Stash aquisition and goodies!!

When your friends say they're working on cleaning up the clutter of craft supplies they have at home, and mention they have a few boxes packed up for you that you might be interested in, what do you say??  YES!!

Jocelyne, my quilting-roadtrip friend, emailed me during the week to say she thought she had some weaving supplies I might be able to use, and would it be okay if during her travels on Saturday could she stop by.  Hell YES! :)
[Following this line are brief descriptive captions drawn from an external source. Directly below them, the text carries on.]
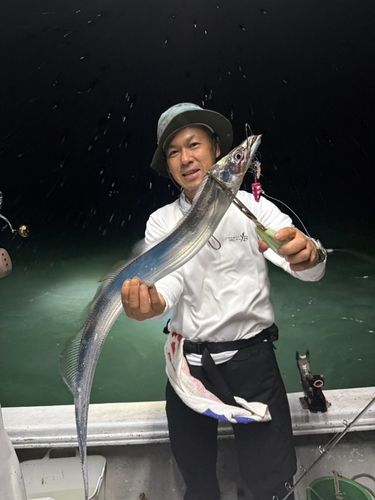 タチウオの釣果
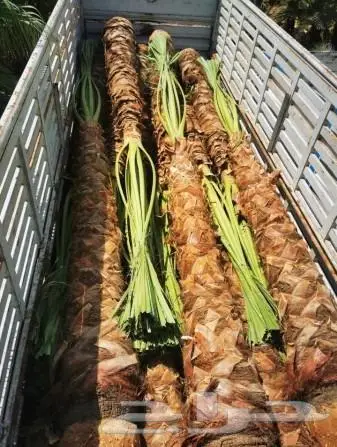 نخل واشنطني زينه امريكي ابو مروحه نخل عربي مثمر 13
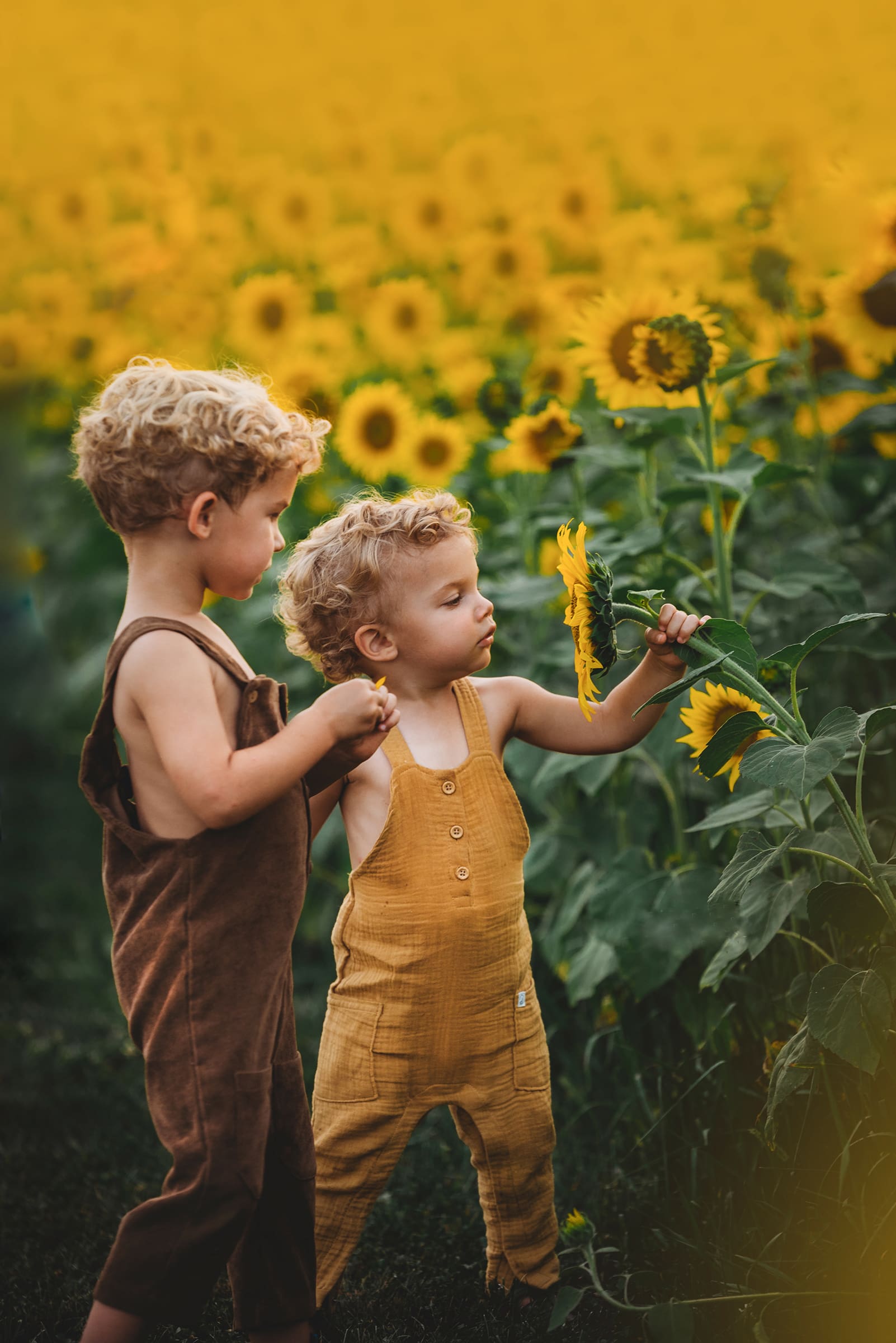 two brothers looking at sunflowers wear brown and mustard overalls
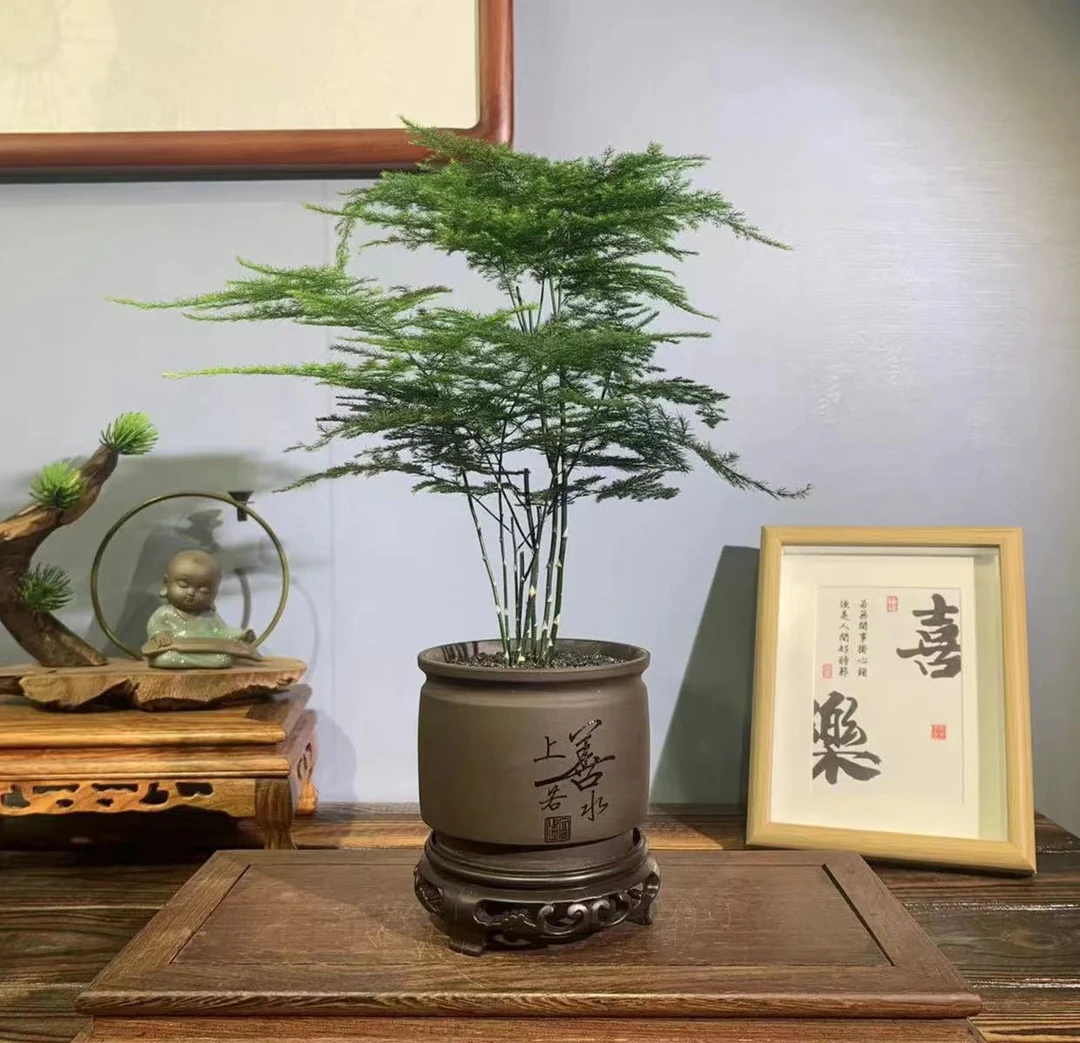 文竹盆景好养易活盆栽绿植室内土培植物文竹盆景代盆花卉四季常青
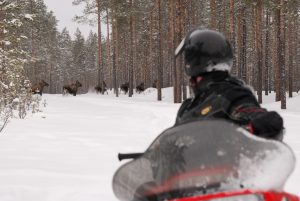 thumbnail_Safari dAlce_ Svansele wilderness center_ Skellefteå_foto Johannes Holmlund_low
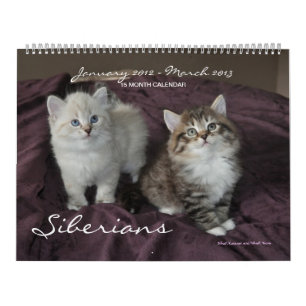 Gatinhos Siberianos 2012 - Calendário 2013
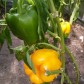 paprika zluta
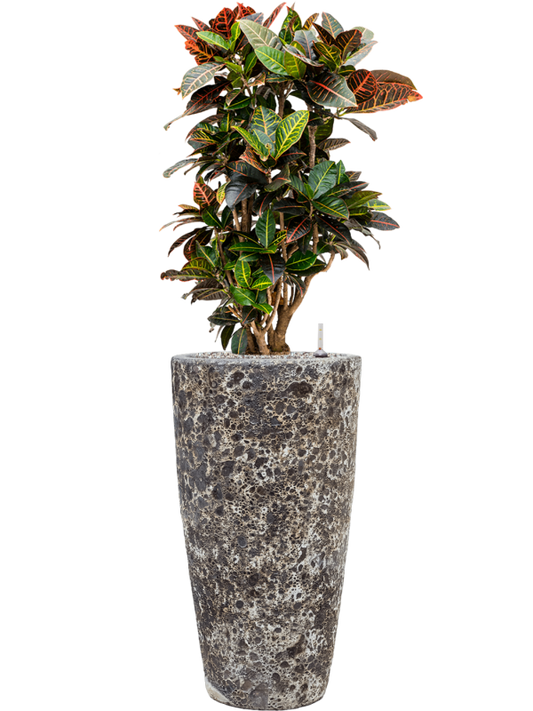 Croton (Codiaeum) variegatum 'Petra' in Baq Lava Office Plant With Pot 128cm Height 29cm Dia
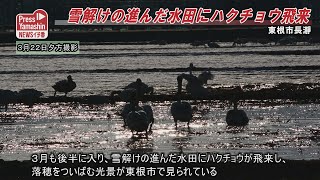 雪解けの進んだ水田にハクチョウ飛来　東根市長瀞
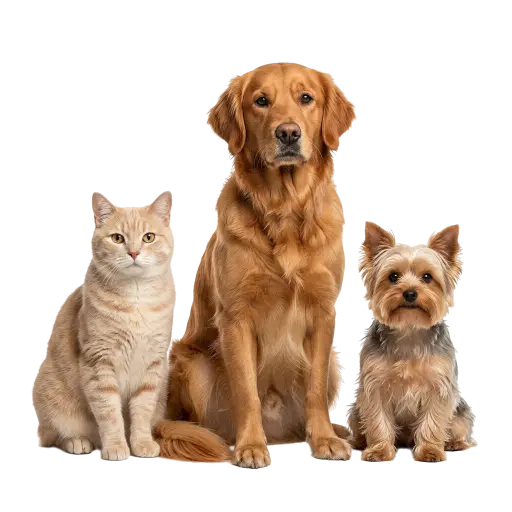 Chien, chat et petit compagnon réunis pour illustrer les services animaliers à Silves.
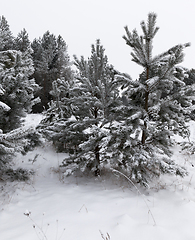 Image showing Winter pine forest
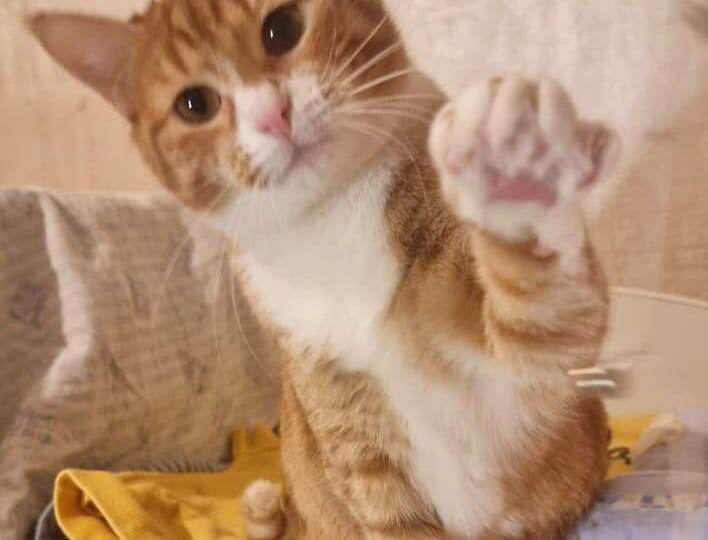 ❗ДОМА❗Стеша: история спасённого ангела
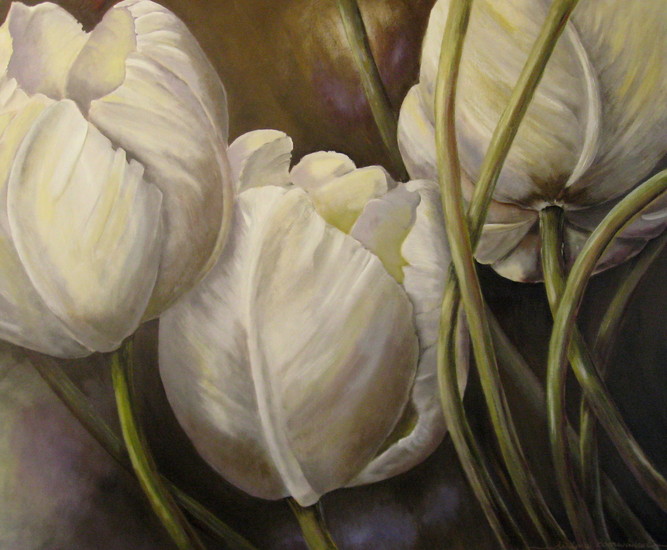 Tulpen( roomkleurig )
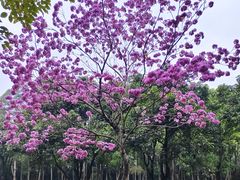 -福神岗公园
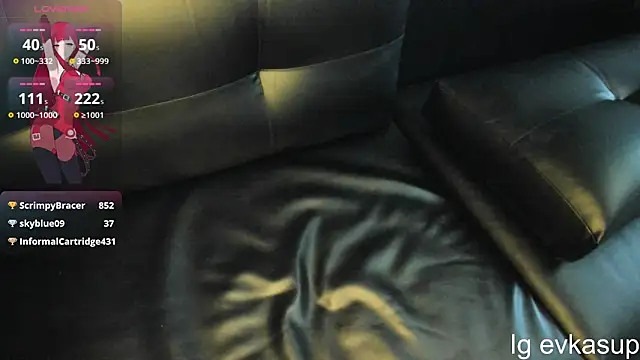 Snapshot of evkasup chatting on February 2025 12:12:01 PM evkasup online show from February 2025 12:12:01 PM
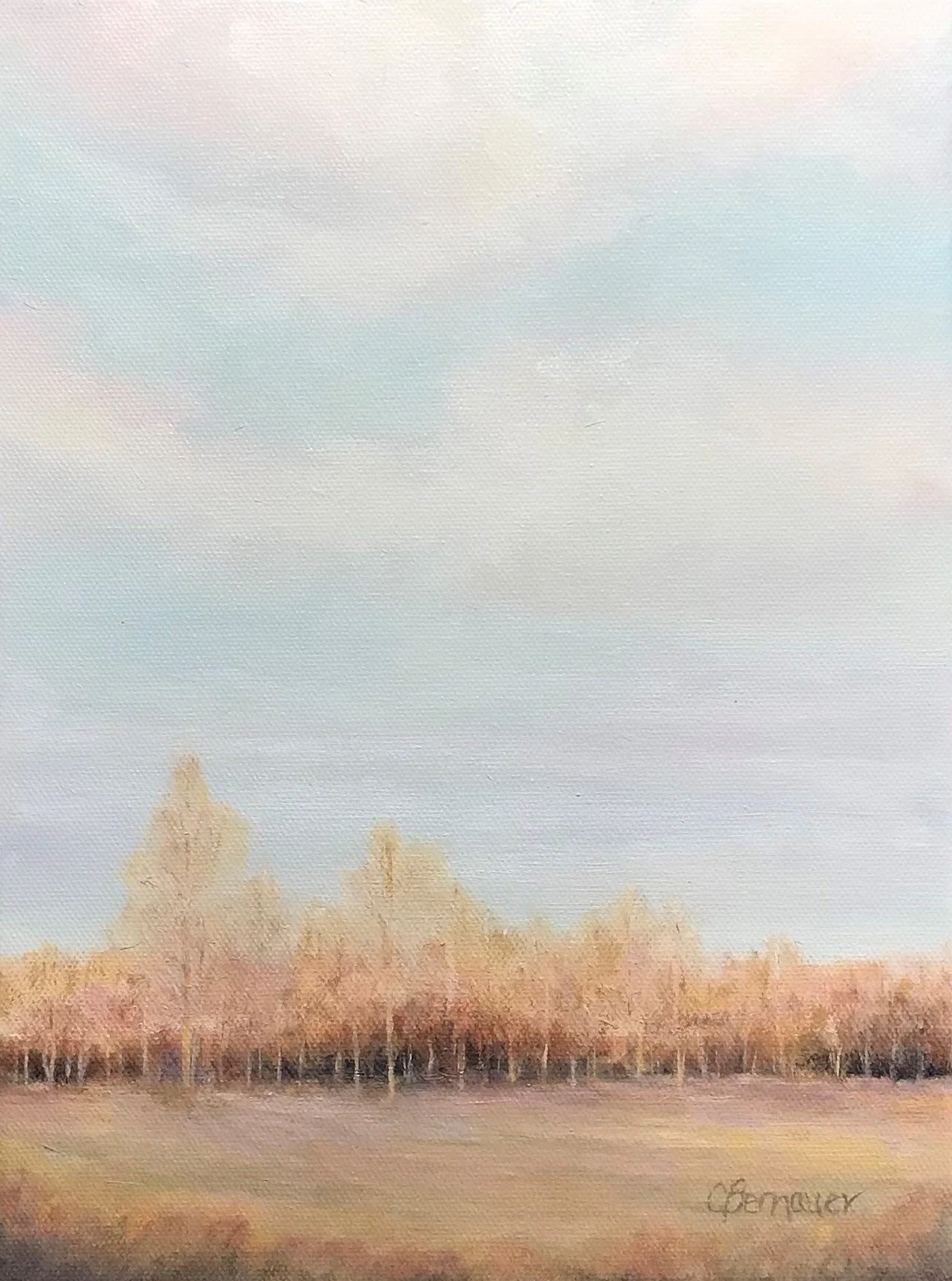 Glimmer - Carrie Bernauer.jpg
Now, I didn't really know what to expect.  She had said that years ago she had acquired a loom but had never used it and had given it to a lady she knew who would.  Along that same line, she had purchased at an auction, what looked to be the stash and tools from someone who obviously had done tapestry weaving.

She mentioned that even the tapestry loom, if not an actual tapestry as well was at the auction - she didn't buy it, and wasn't sure if anyone did.

Anyways, yesterday she arrives, and lo and behold, there were 5 boxes and a huge rubbermaid tub!

Four of the boxes and the rubbermaid tub were FILLED, I mean FILLED with wool.  On first touch, it reminded me of Briggs & Little worsted weight wool.  Beautiful heavy duty wool, and most had been wound into cakes (center-pull balls).  There are a dozen or so that are still in skeins.  Some still have the tags on them.  They're from Condon's Yarns, a store/mill that operated out of Charlottetown, PEI from 1931 through 1989.  These have been around for a while.  And that's apparent by the somewhat musty odour of them.  But that's nothing that won't wash out once they're made into something.

This morning I had to pull them all out to see how much and what colours were buried in these boxes.  Drool over these!!


sorted by colour on my 6' by 3' table in my quilting room

and this rag-tag box of wound balls in a variety of colours

I haven't counted how many there are... yet. (edit: approximately 132 balls)  But the range of colours is wonderful, and for the most part they're all the same type of wool.  I could tell by the feel of a couple of the balls there was an acrylic or acrylic mix there, but only a couple.

The other box, was a treasure trove of weaving tools!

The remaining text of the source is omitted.